**Exercise:**
After finding the line containing "Now, the other" below, please output that line and each following one through the line containing "Once you are", exactly as written.

**Provided information:**
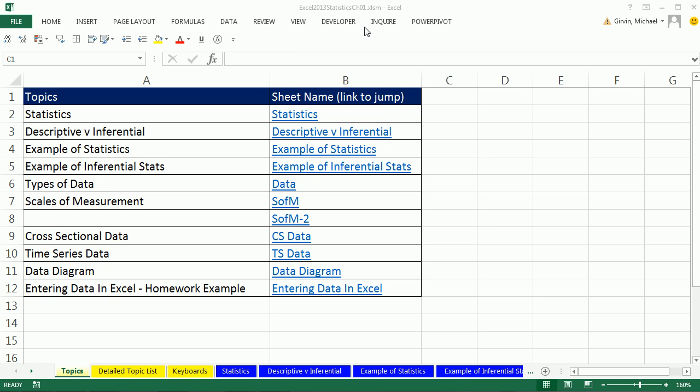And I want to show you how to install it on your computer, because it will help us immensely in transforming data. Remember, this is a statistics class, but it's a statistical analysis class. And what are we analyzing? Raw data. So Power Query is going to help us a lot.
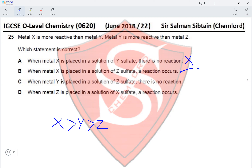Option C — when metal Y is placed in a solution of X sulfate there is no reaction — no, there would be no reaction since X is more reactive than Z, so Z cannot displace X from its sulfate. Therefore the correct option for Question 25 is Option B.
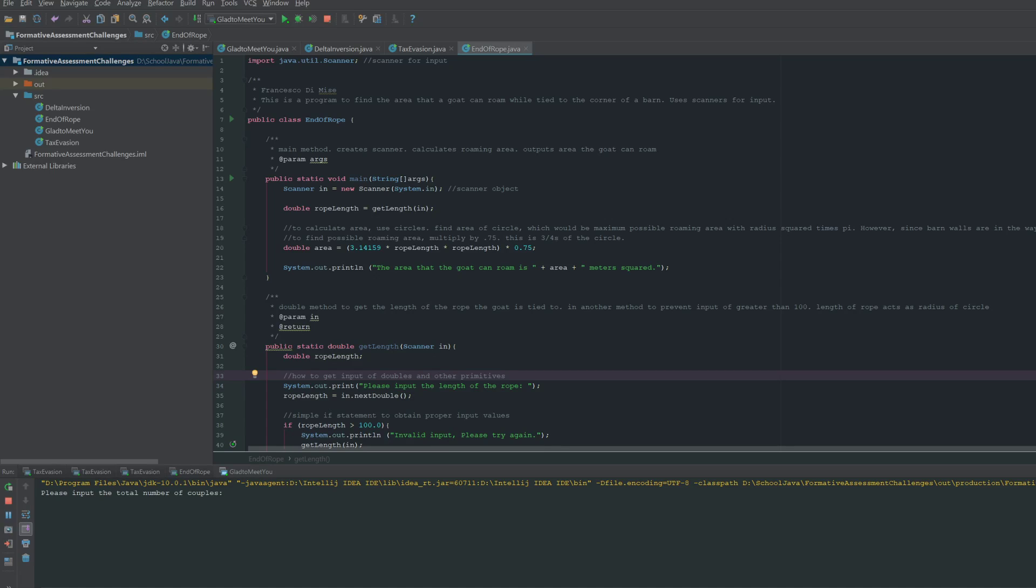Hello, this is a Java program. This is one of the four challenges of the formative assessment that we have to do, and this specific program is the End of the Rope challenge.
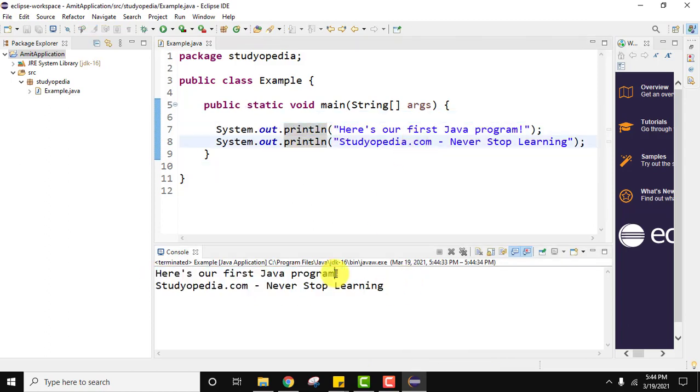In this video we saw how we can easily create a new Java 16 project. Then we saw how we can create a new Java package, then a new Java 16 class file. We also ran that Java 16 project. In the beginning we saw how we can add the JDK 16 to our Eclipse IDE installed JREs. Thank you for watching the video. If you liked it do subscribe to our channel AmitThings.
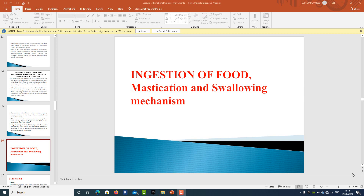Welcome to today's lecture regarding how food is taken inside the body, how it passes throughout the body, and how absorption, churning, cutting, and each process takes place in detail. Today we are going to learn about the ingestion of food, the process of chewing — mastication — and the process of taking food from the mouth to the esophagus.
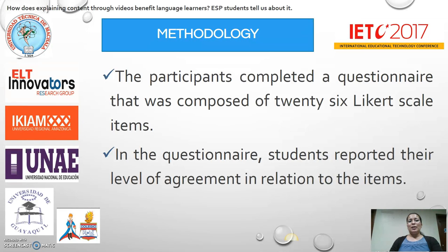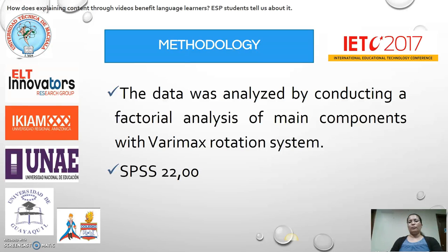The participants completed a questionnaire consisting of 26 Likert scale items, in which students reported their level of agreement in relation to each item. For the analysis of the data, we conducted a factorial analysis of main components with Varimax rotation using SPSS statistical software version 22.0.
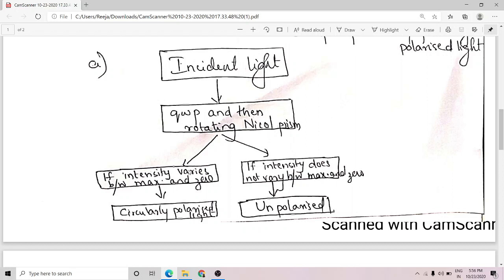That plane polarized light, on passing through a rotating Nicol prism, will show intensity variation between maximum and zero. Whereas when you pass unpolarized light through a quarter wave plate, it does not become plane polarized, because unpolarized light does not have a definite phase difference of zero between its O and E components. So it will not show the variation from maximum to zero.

--

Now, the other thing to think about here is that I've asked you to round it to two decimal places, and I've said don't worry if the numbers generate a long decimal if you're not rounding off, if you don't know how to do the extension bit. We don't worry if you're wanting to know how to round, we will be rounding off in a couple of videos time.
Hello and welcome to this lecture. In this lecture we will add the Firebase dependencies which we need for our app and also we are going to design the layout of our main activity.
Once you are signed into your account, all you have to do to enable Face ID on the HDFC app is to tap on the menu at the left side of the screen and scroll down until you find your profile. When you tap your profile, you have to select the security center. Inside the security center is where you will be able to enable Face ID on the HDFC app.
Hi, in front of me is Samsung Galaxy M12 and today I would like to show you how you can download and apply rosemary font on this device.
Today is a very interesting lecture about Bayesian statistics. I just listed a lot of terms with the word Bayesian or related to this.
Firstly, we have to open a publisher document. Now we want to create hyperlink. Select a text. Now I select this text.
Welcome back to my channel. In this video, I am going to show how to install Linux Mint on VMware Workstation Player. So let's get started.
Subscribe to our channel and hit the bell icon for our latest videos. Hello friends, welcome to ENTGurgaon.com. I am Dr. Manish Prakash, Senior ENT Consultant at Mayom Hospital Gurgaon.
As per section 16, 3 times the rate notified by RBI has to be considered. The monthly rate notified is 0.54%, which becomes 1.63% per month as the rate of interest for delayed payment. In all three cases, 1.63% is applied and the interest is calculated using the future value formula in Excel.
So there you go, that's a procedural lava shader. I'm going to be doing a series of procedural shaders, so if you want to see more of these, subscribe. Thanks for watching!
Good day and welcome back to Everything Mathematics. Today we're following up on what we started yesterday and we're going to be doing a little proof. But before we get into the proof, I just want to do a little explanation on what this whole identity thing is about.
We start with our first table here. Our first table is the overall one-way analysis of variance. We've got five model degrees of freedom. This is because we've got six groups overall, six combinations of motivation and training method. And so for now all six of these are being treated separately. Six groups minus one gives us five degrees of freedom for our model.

==

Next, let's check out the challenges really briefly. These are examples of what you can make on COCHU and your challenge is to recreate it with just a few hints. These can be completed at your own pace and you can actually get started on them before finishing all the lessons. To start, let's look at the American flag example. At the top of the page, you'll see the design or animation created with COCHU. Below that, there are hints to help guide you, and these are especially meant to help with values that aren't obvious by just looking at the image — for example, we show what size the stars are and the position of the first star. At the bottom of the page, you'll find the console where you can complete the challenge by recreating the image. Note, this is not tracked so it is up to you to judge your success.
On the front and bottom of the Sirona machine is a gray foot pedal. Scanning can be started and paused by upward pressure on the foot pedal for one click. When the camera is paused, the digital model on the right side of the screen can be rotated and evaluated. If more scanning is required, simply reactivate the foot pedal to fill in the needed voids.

**Exercise output:**
Now, the other thing to think about here is that I've asked you to round it to two decimal places, and I've said don't worry if the numbers generate a long decimal if you're not rounding off, if you don't know how to do the extension bit. We don't worry if you're wanting to know how to round, we will be rounding off in a couple of videos time.
Hello and welcome to this lecture. In this lecture we will add the Firebase dependencies which we need for our app and also we are going to design the layout of our main activity.
Once you are signed into your account, all you have to do to enable Face ID on the HDFC app is to tap on the menu at the left side of the screen and scroll down until you find your profile. When you tap your profile, you have to select the security center. Inside the security center is where you will be able to enable Face ID on the HDFC app.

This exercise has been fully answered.